I agree that Obama is playing better, but it’s a lousy game, and he’s in a tough spot. It’s the same game that the passengers of United Airlines Flight 93 were playing above Shanksville, Pa. When one side is only interested in doing damage, the only available play involves damage reduction.
Ultimately, it’s not up to Obama to fix this. The citizens of the United States have to fix this. For the first time in my life, I’ve got a substantial amount of doubt that we’re up to it.
Let’s see if the Occupy movement provides him with the covering fire FDR needed to put through the New Deal.
This assumes that he wants to put through a New Deal. He doesn’t.
Consider it an application of the experimental method. Is Obama really a neo-liberal budget hawk committed to austerity? Or is he simply politically unable to deliver what his people need? Let’s give him the wherewithal and find out.
And I think he’s learning how to play it much better than either his opponents or his progressive critics realize.

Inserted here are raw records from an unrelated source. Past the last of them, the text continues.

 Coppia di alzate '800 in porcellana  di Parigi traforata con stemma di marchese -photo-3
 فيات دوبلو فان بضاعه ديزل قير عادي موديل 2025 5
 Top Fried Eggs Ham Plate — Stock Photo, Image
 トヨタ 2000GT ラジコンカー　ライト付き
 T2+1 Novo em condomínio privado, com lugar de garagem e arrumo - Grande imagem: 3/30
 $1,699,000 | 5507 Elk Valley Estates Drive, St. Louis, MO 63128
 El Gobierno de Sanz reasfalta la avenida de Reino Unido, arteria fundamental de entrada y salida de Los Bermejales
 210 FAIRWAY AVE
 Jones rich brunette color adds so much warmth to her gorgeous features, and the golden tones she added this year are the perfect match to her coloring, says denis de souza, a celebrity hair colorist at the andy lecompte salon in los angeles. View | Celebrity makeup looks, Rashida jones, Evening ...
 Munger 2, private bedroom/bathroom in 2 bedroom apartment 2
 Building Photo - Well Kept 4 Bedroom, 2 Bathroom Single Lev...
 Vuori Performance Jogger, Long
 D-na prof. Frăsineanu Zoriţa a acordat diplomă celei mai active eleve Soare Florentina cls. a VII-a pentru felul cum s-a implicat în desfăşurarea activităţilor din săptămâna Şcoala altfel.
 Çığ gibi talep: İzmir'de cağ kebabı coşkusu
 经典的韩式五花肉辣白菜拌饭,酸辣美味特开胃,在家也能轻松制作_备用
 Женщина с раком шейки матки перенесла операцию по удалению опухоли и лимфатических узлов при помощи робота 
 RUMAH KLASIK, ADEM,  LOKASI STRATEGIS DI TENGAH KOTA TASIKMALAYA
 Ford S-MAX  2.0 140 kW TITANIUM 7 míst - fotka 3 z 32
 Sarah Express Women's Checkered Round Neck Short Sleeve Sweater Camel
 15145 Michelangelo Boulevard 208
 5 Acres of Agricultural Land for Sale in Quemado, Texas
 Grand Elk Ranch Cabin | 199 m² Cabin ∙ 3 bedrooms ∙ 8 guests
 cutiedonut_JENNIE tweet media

The country hopes you are not wrong. A good portion of the world does, too. I am not convinced humans can handle their affairs at this scale.
Dammit. It was supposed to say “the Occupy <your town here> movement”. I blame Charles Schumer.
My disagreement with the post is tiny. There is nothing wrong with praising the product you want to buy in some bargaining games, particularly retail. Remember, the seller is offering a galaxy of product attributes; the retail buyer’s role has one dimension: price (or maybe quantity). Praising the product disempowers the seller, as it takes product attributes off the table and focuses the negotiations solely on price.
Please note, the President is the President. He claims the right to murder Americans basically at will. His “justice” department is a joke. They wiretap at will.
If he had the FBI spend time monitoring every single elected official’s movements and conversations in Washington, DC, within a month there will be sufficient blackmail material to get anything the President wants done, done.
It works for the “defense” industry. It works for the “intelligence” industry. It worked for J Edgar Hoover.
Now explain the moral difference to me of starting a war with Libya and murdering people there to blackmailing congress critters and senators. None, absolutely none.
You apparently want a dictator, not a president. Call yourself what you will, but that’s not a liberal perspective as far as I’m concerned.
Politics is only “horsetrading” among the politicians itself. For those outside the government, the result, whoever wins, is the classic “deal you can’t refuse”. Literally, you can’t refuse the deal the “horsetraders” arrive at, unless you want to go to jail.
So it is quite natural that, to the extent politicians begin to genuinely represent people outside the government, they will cease to engage in that horsetrading, because they will stop seeing what is being traded as theirs to trade.
Andrew,
Thanks for taking up my argument. Not that my opinion counts for much, but I think you’re probably right that Obama has adjusted his strategy to account for this new, more nihilistic version of ‘negotiation’ coming out of DC.
A big learning from this topic for me is that a politician can (could) strategically praise his opponents for reasons other than empty glad-handing and the like. One can imagine Reagan and O’Neill, hashing out TEFRA over poker and drinks over several Friday nights, with Reagan noting casually how intriguing was a particular one of O’Neill’s desired goals. The flattery might have caused O’Neill to place more value on that specific deliverable, which may have prompted O’Neill to offer more consideration to achieve that particular goal (which would ultimately be good for Reagan).
That sort of thing makes quite a bit of sense in good faith negotiation - assuming that good faith negotiation is actually occurring.